No. C 05-2345 PJH (PR).

August 29, 2006


ORDER GRANTING IN PART AND DENYING IN PART RESPONDENT'S MOTION TO DISMISS


This is a habeas case filed pro se by a state prisoner. Petitioner alleges that his rights were violated when the Board of Prison Terms ("BPT") found him not suitable for parole at a hearing in 2004.

It is now called the "Board of Parole Hearings."

Respondent has moved to dismiss the action. The time to oppose the motion has expired and petitioner has not filed an opposition, so the motion is ready for decision.

DISCUSSION

In the petition, petitioner contended that: (1) His due process rights were violated in the denial of parole; (2) the BPT violated the Americans with Disabilities Act in relying on his perceived status as a drug abuser to deny parole; and (3) his due process rights were violated by the makeup of the board. Respondents contend that the petition should be dismissed because (1) the court lacks subject matter jurisdiction, because petitioner has no liberty interest in parole and therefore no federal due process rights in connection with parole decisions; (2) the ADA claim is not exhausted; and (3) his claim regarding the makeup of the board presents only a state law issue. 1. Liberty interest

While there is "no constitutional or inherent right of a convicted person to be conditionally released before the expiration of a valid sentence," Greenholtz v. Inmates of Nebraska Penal Corr. Complex, 442 U.S. 1, 7 (1979), a state's statutory parole scheme, if it uses mandatory language, may create a presumption that parole release will be granted when or unless certain designated findings are made, and thereby give rise to a constitutionally protected liberty interest, see Board of Pardons v. Allen, 482 U.S. 369, 376-78 (1987) (Montana parole statute providing that board "shall" release prisoner, subject to certain restrictions, creates due process liberty interest in release on parole); Greenholtz, 442 U.S. at 11-12 (Nebraska parole statute providing that board "shall" release prisoner, subject to certain restrictions, creates due process liberty interest in release on parole). In such a case, a prisoner has liberty interest in parole that cannot be denied without adequate procedural due process protections. See Allen, 482 U.S. at 373-81; Greenholtz, 442 U.S. at 11-16.

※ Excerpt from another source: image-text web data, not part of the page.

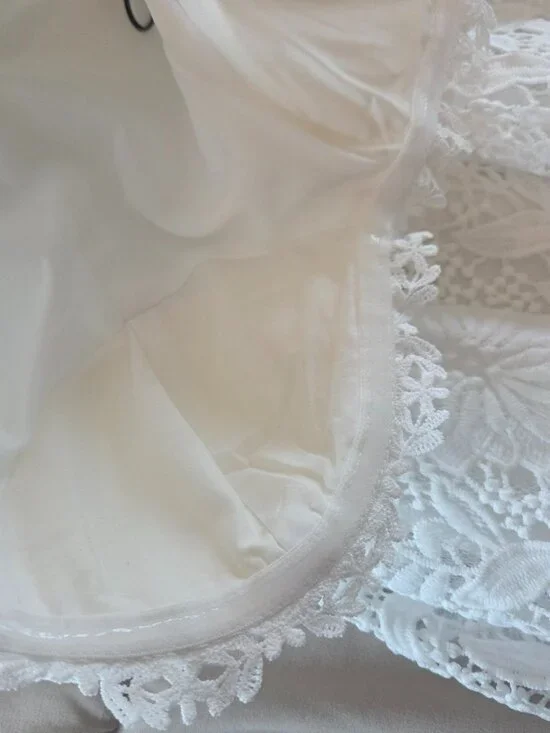 Fashion Nova Isn't She lovely White Strapless Lace Midi Dress Size Medium - Picture 13 of 15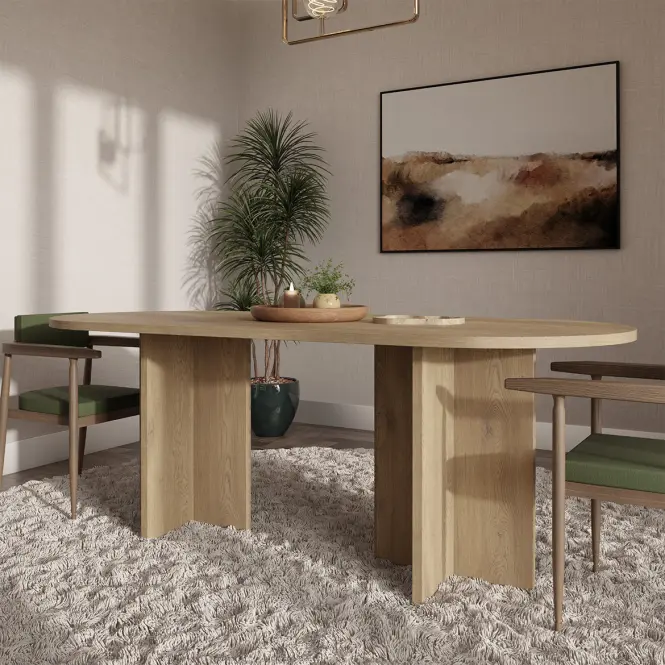 Asztal Loen 204x90 Tölgy Cremona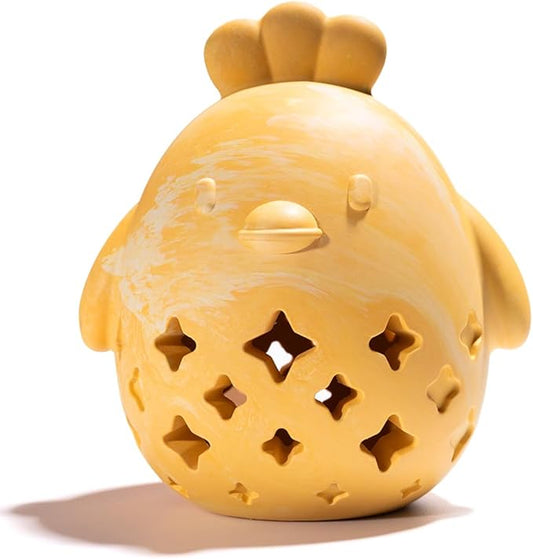 MewaJump Stuffed Dog Toy Treat Dispenser Dog Toy Puzzle Rubber Chew Toys Treat Food Dispensing Toys for Teeth Cleaning Ball Interactive Enrichment Toys for Puppy, Small, Medium, Large Breeds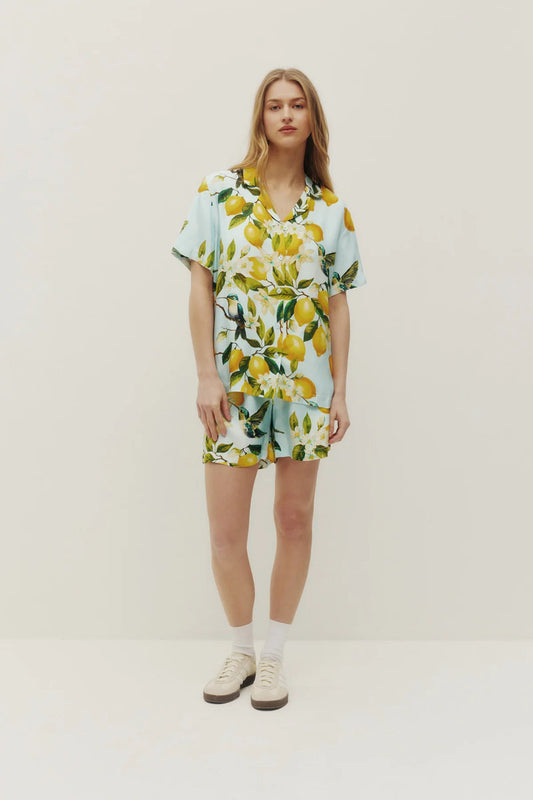Lemon Hummingbird Beach Shirt - BBH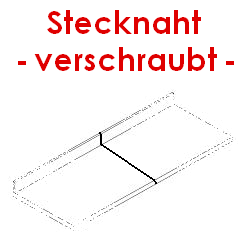Aufpreis Arbeitsplattenverbindung Stecknaht verschraubt zu Arbeitsplatte 60/70 cm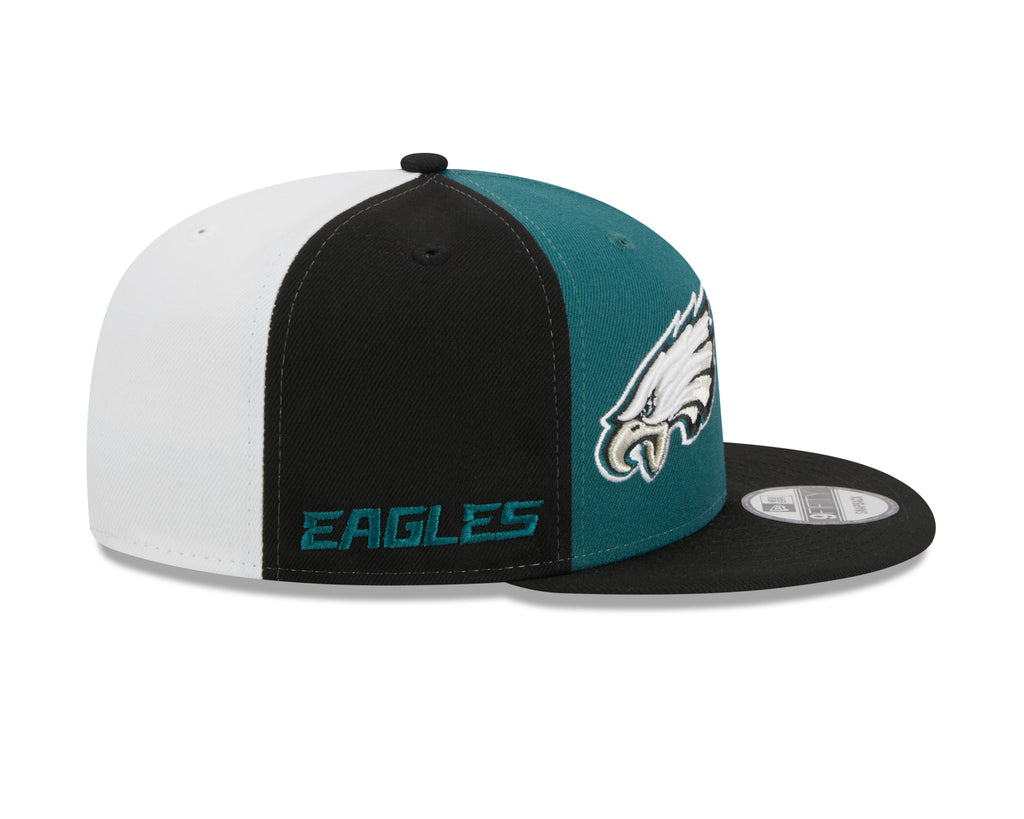 New Era NFL Men's Philadelphia Eagles 2023 Sideline 9FIFTY Snapback Hat Adjustable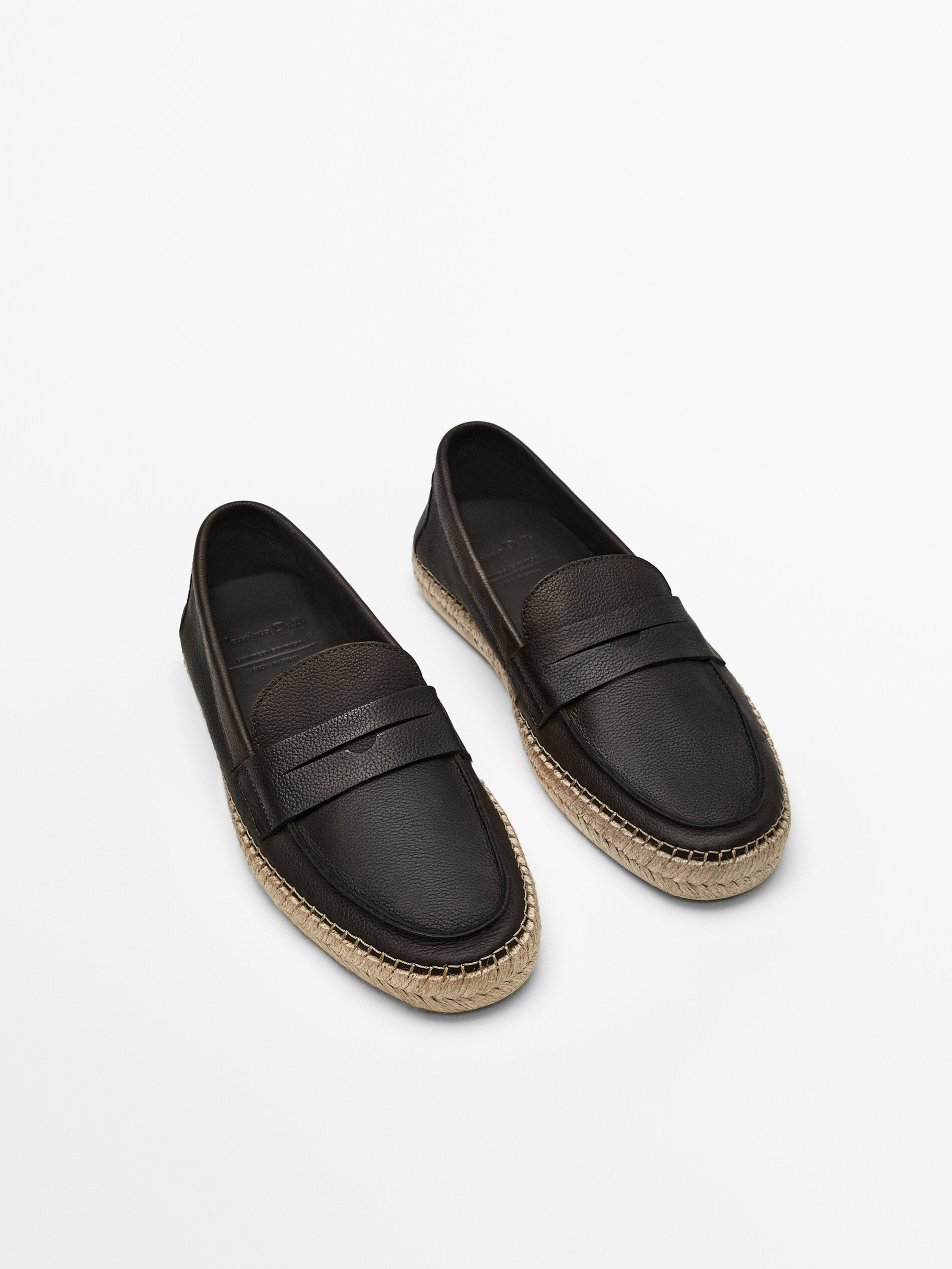 LEATHER ESPADRILLES - LIMITED EDITION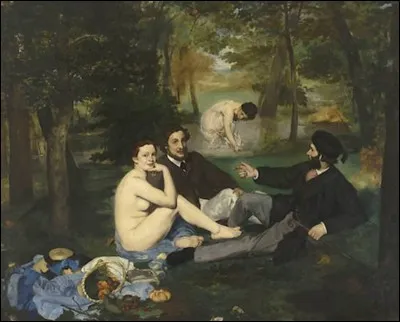 Qui est l'auteur de ce tableau intitulé 'Le Déjeuner sur l'herbe' ?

California's parole scheme uses mandatory language and is similar to the schemes in Allen and Greenholtz which the Supreme Court held gave rise to a protected liberty interest in release on parole. In California, the panel or board "shall set a release date unless it determines that the gravity of the current convicted offense or offenses, or the timing and gravity of current or past convicted offense or offenses, is such that consideration of the public safety requires a more lengthy period of incarceration for this individual, and that a parole date, therefore, cannot be fixed at this meeting." Cal. Penal Code § 3041(b). Under the clearly established framework of Allen and Greenholtz, "California's parole scheme gives rise to a cognizable liberty interest in release on parole." McQuillion v. Duncan, 306 F.3d 895, 902 (9th Cir. 2002). The scheme presumes that parole release will be granted unless the statutorily defined determinations (that considerations of public safety forbid it) are made. Id.; Biggs v. Terhune, 334 F.3d 910, 915-16 (9th Cir. 2003) (finding initial refusal to set parole date for prisoner with fifteen-to-life sentence implicated prisoner's liberty interest). In sum, the structure of California's parole scheme — with its mandatory language and substantive predicates — gives rise to a federally protected liberty interest in parole such that an inmate has a federal right to due process in parole proceedings.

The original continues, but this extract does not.